They had been so happy here—so often, away from grandmama’s stern gaze and Father Siméon-Luce’s admonitions, when they had just pretended and pretended: pretended that the Lèze was the great open sea, on which never a ship came in sight to take them away from their beloved island, out into the great world which they had never known.
But to-day to Bertrand, who was going away on the morrow into that same great and unknown world, the game of pretence appeared futile and childish. He was a man now, and could no longer play.
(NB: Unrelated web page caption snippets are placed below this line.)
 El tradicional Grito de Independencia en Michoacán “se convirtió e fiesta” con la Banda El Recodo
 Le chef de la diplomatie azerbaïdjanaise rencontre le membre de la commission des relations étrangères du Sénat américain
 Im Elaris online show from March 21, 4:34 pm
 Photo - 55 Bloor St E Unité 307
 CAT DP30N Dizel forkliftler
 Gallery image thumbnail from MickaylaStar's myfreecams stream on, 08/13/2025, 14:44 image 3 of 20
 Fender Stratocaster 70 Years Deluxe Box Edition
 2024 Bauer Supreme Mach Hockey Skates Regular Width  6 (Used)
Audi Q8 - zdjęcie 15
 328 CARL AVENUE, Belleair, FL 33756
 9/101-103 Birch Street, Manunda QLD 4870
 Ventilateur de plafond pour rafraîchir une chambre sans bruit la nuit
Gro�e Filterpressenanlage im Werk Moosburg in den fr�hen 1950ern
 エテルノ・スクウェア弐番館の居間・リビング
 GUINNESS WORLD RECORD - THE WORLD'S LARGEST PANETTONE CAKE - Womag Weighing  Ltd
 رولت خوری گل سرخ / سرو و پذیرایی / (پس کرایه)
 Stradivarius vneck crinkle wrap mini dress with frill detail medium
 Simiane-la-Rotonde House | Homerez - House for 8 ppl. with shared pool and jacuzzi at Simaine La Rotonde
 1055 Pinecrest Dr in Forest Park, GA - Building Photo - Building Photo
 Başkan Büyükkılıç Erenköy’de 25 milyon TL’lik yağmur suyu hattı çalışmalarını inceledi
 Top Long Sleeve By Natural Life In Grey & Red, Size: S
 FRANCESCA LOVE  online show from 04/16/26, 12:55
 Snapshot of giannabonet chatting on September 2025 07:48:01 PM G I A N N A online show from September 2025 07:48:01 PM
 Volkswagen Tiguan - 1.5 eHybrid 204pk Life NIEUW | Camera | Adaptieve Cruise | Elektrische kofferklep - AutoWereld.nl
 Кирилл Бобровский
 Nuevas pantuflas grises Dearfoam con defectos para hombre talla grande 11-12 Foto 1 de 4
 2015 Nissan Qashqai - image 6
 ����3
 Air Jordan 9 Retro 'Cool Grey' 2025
Somehow he felt cross with Nicolette for having put on her “Virginie” dress, and he pretended that his feet were cold, and proceeded to put on his stockings and his boots.
“The big ship has come in sight, Bertrand,” the girl said. “We will never see our island again.”
“That is nonsense, Nicolette,” Bertrand rejoined, seemingly deeply occupied in the putting on of his boots. “We will often come here, very often, when the trout are plentiful and I am home for the holidays.”
She shook her head.
“Margaï,” she said, “overheard Pérone talking to Jasmin the other day, and Pérone said that Mme. la Comtesse did not wish you to come home for at least two years.”
“Well! in two years’ time....” he argued, with a shrug of his shoulders.
She offered him some lovely buttered brioche, and said it was fish she had dried by a new process on slabs of heated stone, and she also had some milk, which she said she had found inside a coconut.
“The coconut trees are plentiful on the island,” she said, “and the milk from the nuts is as sweet as if it were sugared.” But Bertrand would not eat, he said he had already had coffee and cakes in grandmama’s room, and Nicolette abstractedly started crumbling up the brioche, hoping that the wood-pigeons would soon come for their meal. She was trying to recapture the spirit of a past that was no more: the elusive spirit of that happy world in which she had dwelt alone with Tan-tan. But strive how she might, she felt that the outer gates of that world were being closed against her for ever. Suddenly she realised that it was getting dark, and that she felt a little cold. She squatted on the ground and put on her shoes and stockings.
“We shall have to hurry,” she said, “father does not like me to be out long after dark.”